Aim of the exercise
Check each line of the data for "Fuel" and select those that have it.

Segment Start: Entries supplied

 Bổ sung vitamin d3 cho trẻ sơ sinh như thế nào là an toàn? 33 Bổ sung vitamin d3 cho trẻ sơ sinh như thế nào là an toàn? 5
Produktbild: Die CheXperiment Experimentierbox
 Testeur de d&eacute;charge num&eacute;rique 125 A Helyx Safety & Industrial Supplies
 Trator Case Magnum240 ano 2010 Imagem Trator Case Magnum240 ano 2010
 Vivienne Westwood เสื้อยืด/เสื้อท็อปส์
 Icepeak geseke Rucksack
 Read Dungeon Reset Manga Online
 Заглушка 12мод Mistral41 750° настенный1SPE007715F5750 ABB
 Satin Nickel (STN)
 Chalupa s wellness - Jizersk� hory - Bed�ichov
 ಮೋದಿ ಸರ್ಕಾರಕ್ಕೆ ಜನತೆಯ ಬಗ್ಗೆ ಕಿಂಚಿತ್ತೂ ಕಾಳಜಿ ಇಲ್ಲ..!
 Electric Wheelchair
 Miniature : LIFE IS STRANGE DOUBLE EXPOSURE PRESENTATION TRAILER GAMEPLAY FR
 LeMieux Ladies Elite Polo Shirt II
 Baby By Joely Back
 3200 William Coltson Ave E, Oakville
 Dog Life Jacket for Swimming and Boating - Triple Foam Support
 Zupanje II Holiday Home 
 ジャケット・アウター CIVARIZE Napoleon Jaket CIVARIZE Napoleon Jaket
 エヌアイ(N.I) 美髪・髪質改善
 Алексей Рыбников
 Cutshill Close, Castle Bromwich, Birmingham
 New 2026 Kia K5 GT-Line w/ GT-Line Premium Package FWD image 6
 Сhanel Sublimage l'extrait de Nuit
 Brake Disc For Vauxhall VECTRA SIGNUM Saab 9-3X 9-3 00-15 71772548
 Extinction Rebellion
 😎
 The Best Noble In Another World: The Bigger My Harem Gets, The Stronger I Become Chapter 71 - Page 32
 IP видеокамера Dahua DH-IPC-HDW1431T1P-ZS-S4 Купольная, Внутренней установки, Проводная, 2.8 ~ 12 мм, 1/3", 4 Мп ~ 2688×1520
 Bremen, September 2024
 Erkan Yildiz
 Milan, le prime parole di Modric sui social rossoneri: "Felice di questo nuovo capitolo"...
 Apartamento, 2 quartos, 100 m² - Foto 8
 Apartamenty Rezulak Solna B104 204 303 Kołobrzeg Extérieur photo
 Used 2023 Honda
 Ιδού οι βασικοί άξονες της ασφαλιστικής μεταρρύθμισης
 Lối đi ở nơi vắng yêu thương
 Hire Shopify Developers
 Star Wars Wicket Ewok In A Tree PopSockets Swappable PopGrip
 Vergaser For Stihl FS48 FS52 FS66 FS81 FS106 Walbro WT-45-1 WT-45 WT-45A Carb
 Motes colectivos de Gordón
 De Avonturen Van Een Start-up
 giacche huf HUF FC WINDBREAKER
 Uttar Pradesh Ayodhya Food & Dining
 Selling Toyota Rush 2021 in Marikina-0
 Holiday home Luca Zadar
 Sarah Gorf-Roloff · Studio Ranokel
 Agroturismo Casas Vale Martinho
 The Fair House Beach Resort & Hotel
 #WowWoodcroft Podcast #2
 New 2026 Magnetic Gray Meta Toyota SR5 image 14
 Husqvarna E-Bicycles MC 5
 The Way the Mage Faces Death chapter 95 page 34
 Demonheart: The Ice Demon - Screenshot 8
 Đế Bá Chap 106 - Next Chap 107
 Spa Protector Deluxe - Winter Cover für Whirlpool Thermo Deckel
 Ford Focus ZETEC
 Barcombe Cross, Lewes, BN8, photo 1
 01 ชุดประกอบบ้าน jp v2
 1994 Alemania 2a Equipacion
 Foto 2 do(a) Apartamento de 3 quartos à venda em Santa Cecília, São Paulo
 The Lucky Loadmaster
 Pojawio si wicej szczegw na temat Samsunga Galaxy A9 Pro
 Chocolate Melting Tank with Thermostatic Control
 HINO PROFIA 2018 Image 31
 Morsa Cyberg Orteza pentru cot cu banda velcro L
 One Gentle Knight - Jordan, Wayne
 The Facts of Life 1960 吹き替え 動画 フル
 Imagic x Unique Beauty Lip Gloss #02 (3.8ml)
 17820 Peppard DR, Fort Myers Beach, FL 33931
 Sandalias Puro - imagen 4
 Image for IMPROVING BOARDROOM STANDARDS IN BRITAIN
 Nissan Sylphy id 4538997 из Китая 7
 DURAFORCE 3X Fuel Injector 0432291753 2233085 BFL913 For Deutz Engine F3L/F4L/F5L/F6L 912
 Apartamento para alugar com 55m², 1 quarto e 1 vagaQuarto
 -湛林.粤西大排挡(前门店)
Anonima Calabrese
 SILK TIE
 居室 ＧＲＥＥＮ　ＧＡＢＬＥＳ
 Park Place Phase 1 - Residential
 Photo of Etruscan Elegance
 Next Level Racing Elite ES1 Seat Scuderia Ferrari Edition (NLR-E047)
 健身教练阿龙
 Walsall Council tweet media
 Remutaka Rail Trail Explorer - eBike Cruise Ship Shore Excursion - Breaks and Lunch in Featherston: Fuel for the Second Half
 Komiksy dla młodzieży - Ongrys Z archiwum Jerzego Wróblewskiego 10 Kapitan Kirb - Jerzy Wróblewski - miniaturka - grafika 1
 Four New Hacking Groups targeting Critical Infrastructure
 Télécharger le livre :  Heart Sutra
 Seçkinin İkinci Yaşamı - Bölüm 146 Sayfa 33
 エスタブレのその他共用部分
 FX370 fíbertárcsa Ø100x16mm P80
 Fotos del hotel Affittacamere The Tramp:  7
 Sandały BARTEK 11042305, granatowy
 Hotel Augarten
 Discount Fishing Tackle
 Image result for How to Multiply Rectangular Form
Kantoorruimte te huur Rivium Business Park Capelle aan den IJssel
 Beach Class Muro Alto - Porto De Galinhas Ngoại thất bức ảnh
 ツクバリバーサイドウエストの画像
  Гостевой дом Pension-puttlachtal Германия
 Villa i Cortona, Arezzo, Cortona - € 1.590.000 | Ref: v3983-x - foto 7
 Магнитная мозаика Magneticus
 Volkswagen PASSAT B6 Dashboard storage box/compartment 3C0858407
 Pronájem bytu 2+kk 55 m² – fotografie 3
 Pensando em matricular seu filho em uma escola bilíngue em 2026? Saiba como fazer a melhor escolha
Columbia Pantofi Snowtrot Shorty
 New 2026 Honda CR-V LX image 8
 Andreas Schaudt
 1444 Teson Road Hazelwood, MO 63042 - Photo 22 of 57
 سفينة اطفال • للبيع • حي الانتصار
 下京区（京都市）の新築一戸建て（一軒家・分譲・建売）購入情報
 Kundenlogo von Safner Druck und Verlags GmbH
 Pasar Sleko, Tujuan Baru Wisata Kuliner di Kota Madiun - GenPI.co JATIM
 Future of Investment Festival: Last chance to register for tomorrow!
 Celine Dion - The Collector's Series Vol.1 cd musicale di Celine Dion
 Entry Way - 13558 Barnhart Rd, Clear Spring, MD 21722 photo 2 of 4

Segment End: Entries supplied

Solution
 DURAFORCE 3X Fuel Injector 0432291753 2233085 BFL913 For Deutz Engine F3L/F4L/F5L/F6L 912
 Remutaka Rail Trail Explorer - eBike Cruise Ship Shore Excursion - Breaks and Lunch in Featherston: Fuel for the Second Half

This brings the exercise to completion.